Inside Kinect

Wednesday, 16 June 2010

The technology behind Microsoft's Kinect (project Natal) whole body user interface is there for anyone to use - you might even be able to implement it using nothing but software.

Microsoft has renamed project Natal, its new game interface, as Kinect - and don't you think that most of Microsoft's code names are better than the final moniker that they adopt for the finished , or nearly finished, thing.

While there is a lot of over-hyped and staged excitement about the new human interface it is interesting to know that the same technology is already generally available.

It seems that Natal/Kinect is the next step down the gestural interface road but notice that this step is mainly soft rather than hard. The new Kinect XBOX 360 add on is mainly an innovation in software.

kinect1

It is a box with some cameras that makes use of IR illumination to obtain depth data, color images and sound. The IR is used as a distance ranging device much in the same way a camera autofocus works. It is claimed that the system can measure distance with a 1cm accuracy at 2m and has a resolution of 3mm at 2m. The depth image is also 640x480 i.e. standard VGA resolution. The color image is 1600x1200.

A custom chip processes the data to provide a depth field that is correlated with the color image. That is the software can match each pixel with its approximate depth. The preprocessed data is fed to the machine via a USB interface in the form of a depth field map and a color image.

kinect2

The PrimeSense reference implementation

At this point you might be wondering why a depth map is so important. The answer is that many visual recognition tasks are much easier with depth information. If you try to process a flat 2D image then pixels with similar colors that are near to each other might not belong to the same object. If you have 3D information then pixels that correspond to locations physically near to each other tend to belong to the same object, irrespective of their color! It has often been said that pattern recognition has been made artificially difficult because most systems rely on 2D data.

Microsoft acquired the basic hardware for Kinect from another company PrimeSense and this means that the same technology is available off the shelf. So far it hasn't acquired the company, just the technology to base its own input device on.

Microsoft developed its own recognition software to work with the imported hardware but PrimeSense also has some middleware - Nite - which already performs gesture recognition and even goes as far as allowing users to control devices and play games.

"The NITE framework also offers a set of developer tools for customizing game controls and adding new functionality – all without having to write a single line of depth processing code."

kinect3

So you too can have a Kinect-like input device complete with framework working with your application. So much for Microsoft's head start in the new world of whole body user interfaces.
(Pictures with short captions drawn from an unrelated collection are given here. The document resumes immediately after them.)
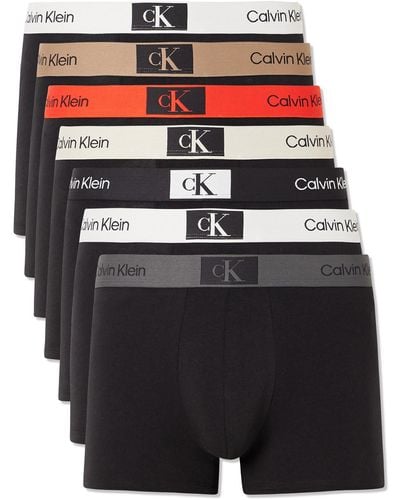 Calvin Klein Seven-pack Stretch-cotton Boxer Briefs - Gray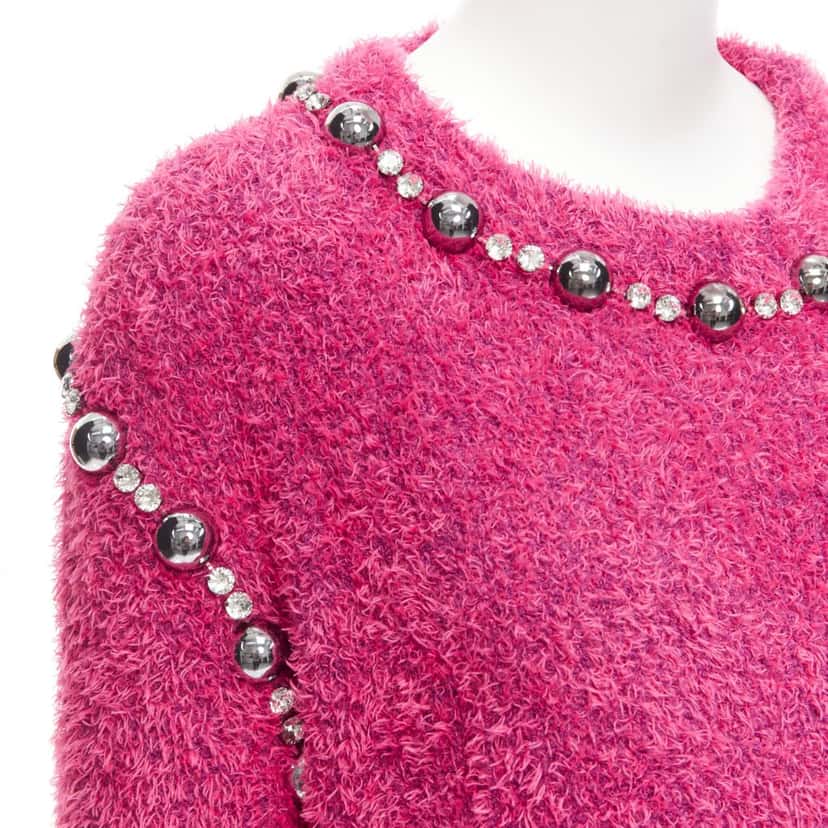 Area Dome Stud Sweater Pink Cotton Never worn - Back View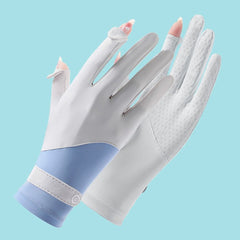 Ice Silk Sunscreen Gloves Touch Screen Non Slip Short Gloves
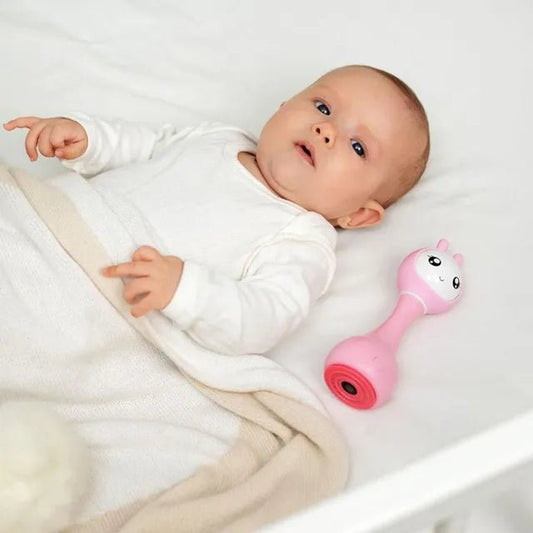 Alilo – Smarty Shake & Tell Rattle, R1 - Smarty Pink | Shake & Tell Rattle, Music, Stories, & Color Learning for Babies | Hi - Fi Sound, Light - Up Ears, USB Charging | 0+ - Marah Kids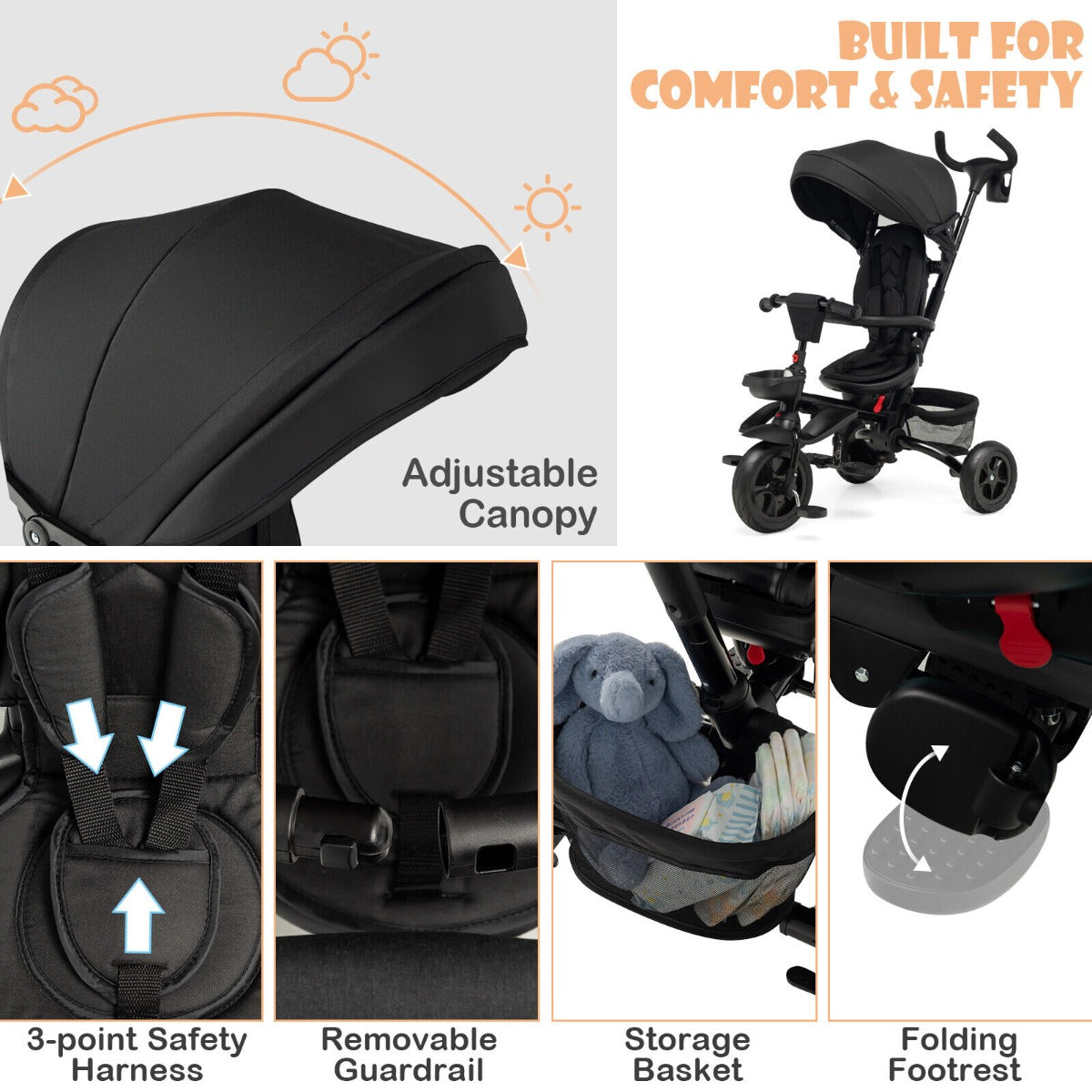 Folding Baby Tricycle with 360° Swivel Seat and Adjustable Canopy-Black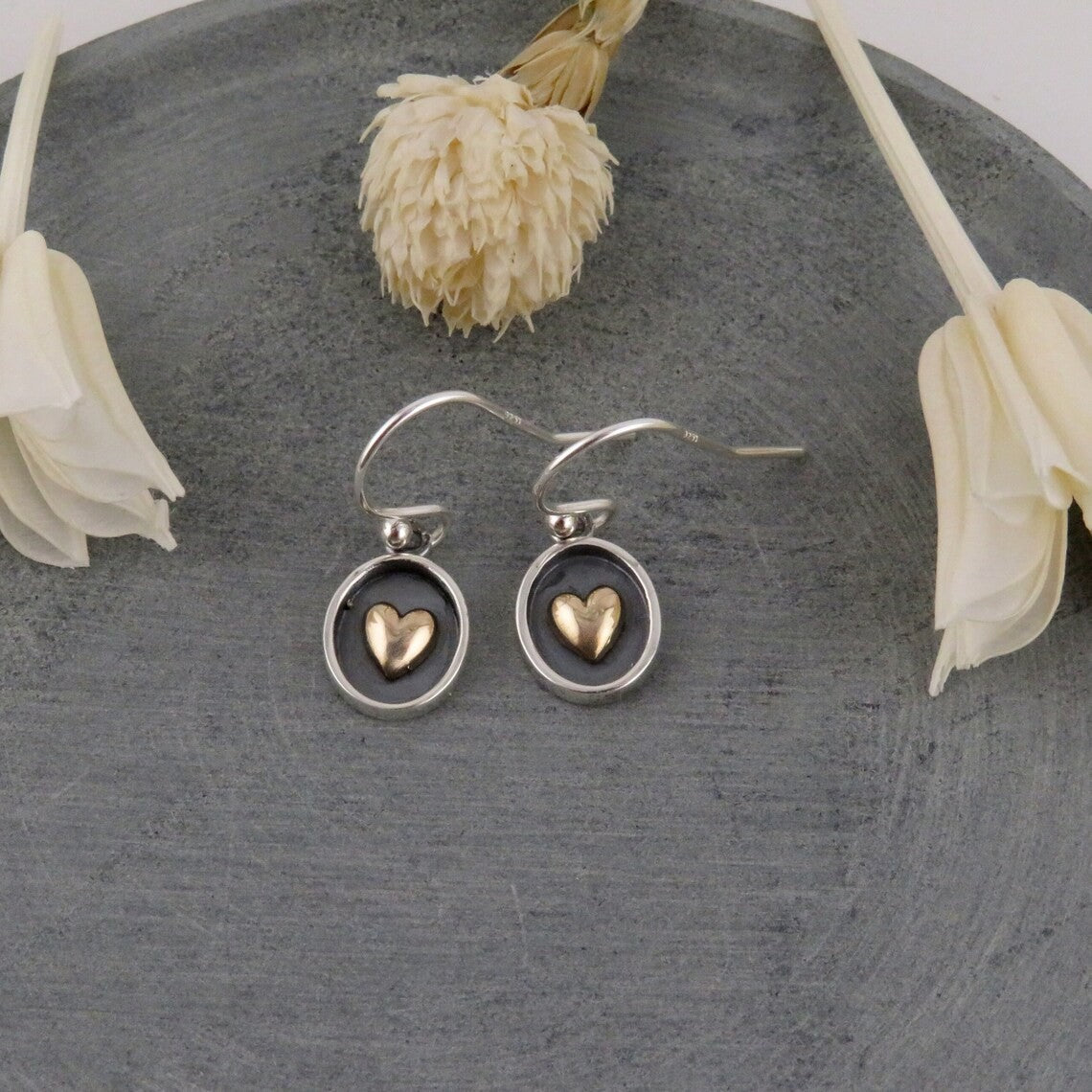 Black Oval Heart Drop Earrings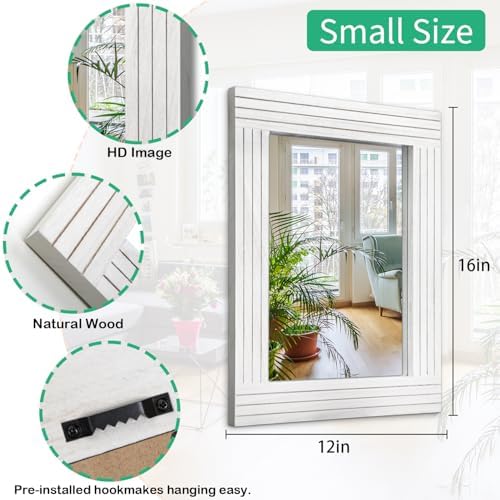 Wood Mirror Rectangular Framed Rustic Vintage Mirrors Decor Farmhouse Bedroom Bathroom Mirror for Dressing Table Entrance Small 16"x12" White
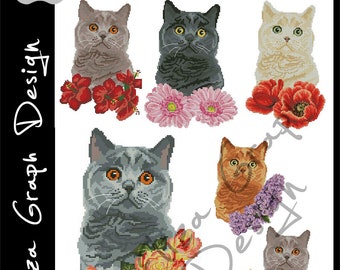 Custom Brititsh Shorthair Cat Cross Stitch Pattern with chooseable flowers and custom name in PDF Counted cat Pattern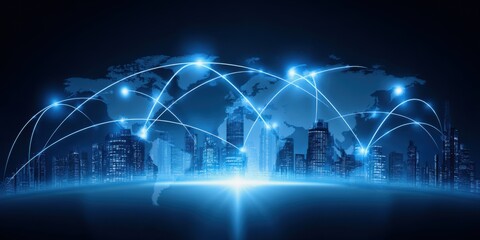 Investment and trade insights concept. A futuristic city skyline with glowing connections illustrating global networking and communication across the world.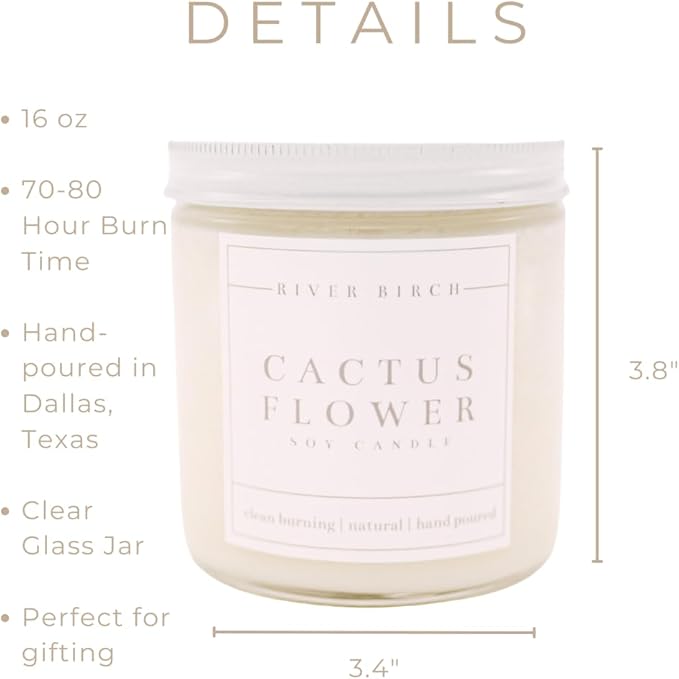 River Birch Candles Cactus Flower Scented Candle | Premium, All-Natural, Non-Toxic, Soy Candles | 16oz 90 Hr Burn Time | Cozy Relaxing Gifts for Home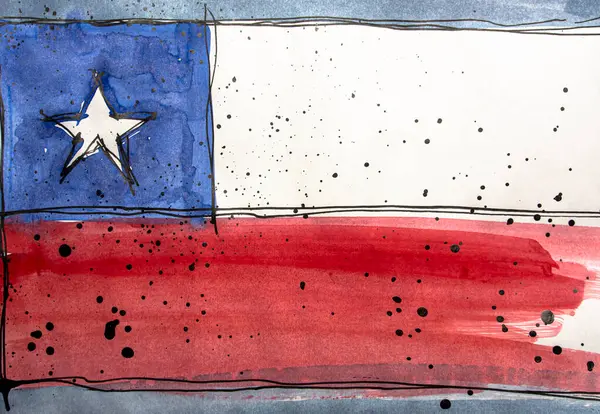 Şili bayrağı. Suluboya el yapımı resimleme. Kağıt üzerinde Şili bayrağının suluboya çizimi. 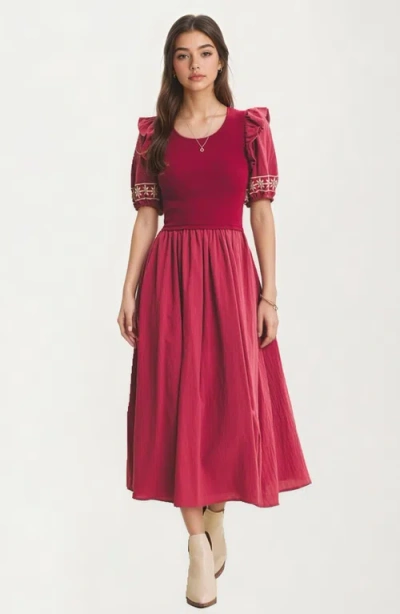 Knit & Lounge Knit And Lounge Embroidered Trim Puff Sleeve Midi Dress In Burgundy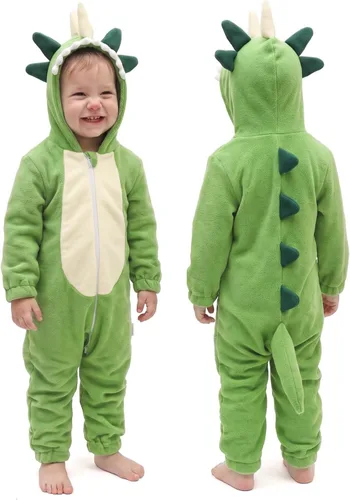 Vista 10 de ALVA Disfraces de animales para bebé con capucha, traje de mameluco Pequeño dragón volador-verde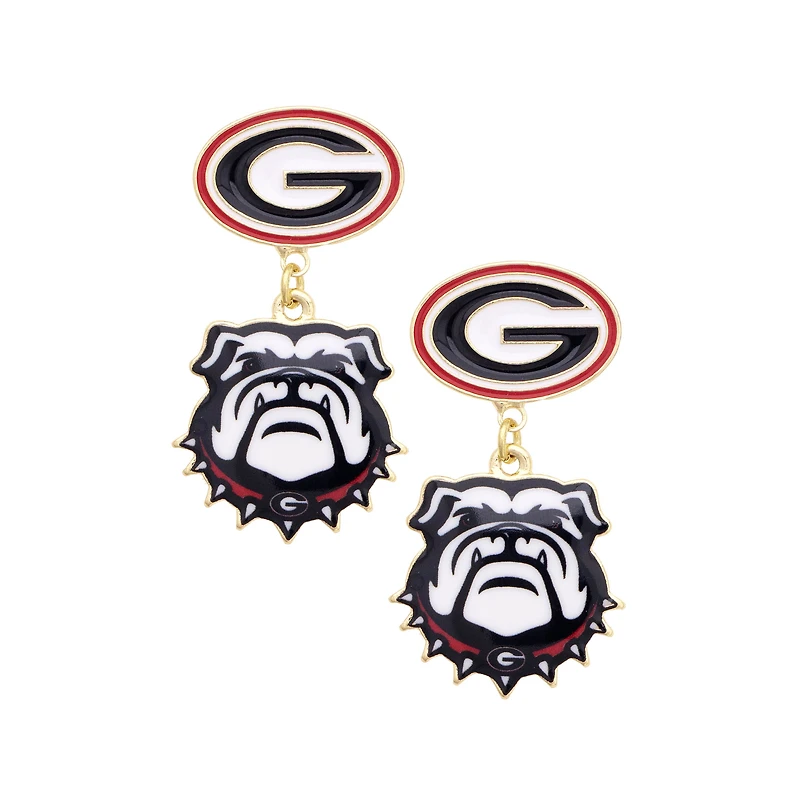 Women's CANVAS Style Georgia Bulldogs Enamel Drop Earrings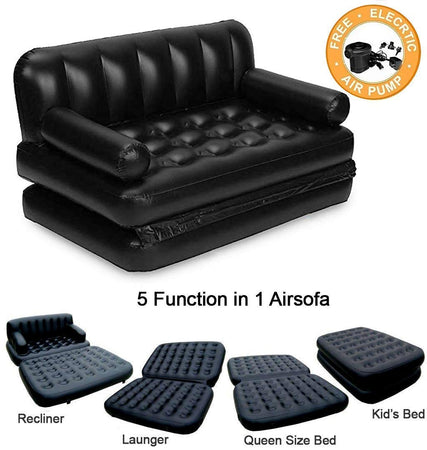 Air Sofa Bed 5 in 1 Inflatable sofa Couch one Sofa 5 uses with Electric Pump (Black) - halfrate.in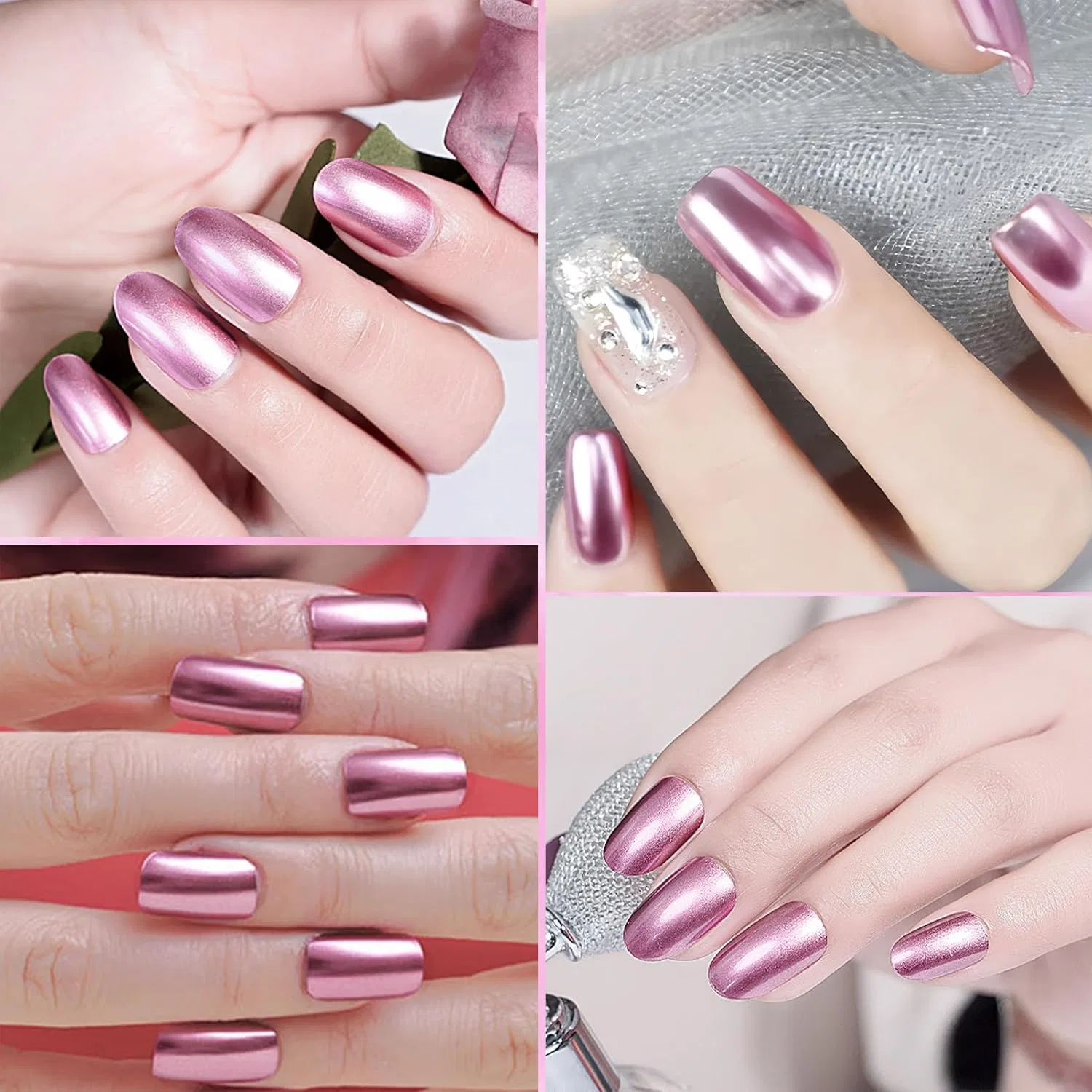 Хромированный лак для ногтей с зеркальным эффектом (розовый, 10 мл) Virellay, Pink — фото 3
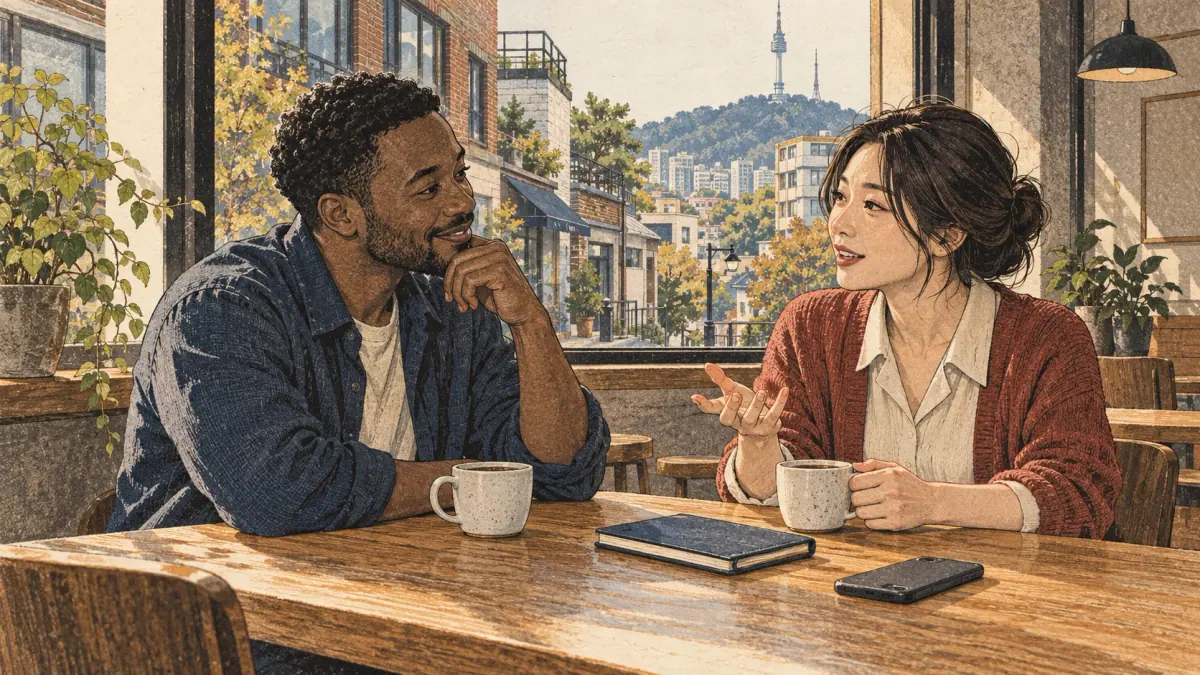 A Korean tutor and adult learner practise careful and relaxed speech in a Seoul café.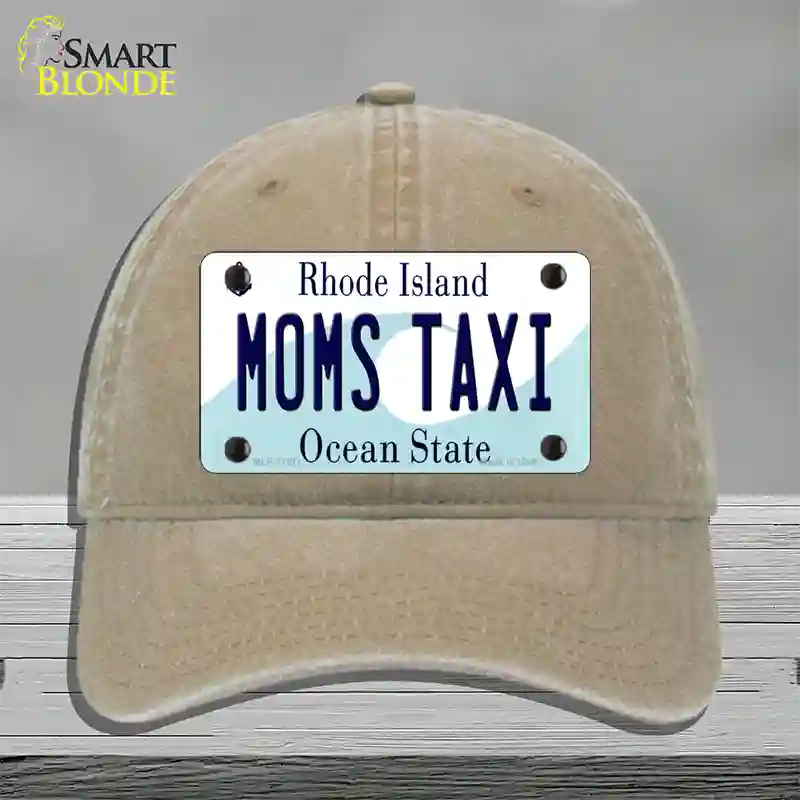 Moms Taxi Rhode Island State Novelty License Plate Hat Unconstructed Cotton / Khaki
Of course Microsoft controls the technology and the access to the technology on the XBOX platform but it's much more open on other platforms - including the PC - than you might have suspected.

Taking this just a little bit further you don't have to be an expert in AI to realize that even the hardware aspects of the PrimeSense device aren't really necessary. You can do scene depth analysis using just two standard video cameras and some parallax processing code. Its not as good having a hardware generated depth map but it might be good enough.

In other words, whole body input may not need any special hardware at all.

kinect1

While it looks as if Microsoft has it all sewn up for whole body user interfaces until some other big company catches up this isn't the case. The technology is there for smaller companies to use and if you feel like experimenting with creating your own depth maps perhaps you could even make an open source equivalent.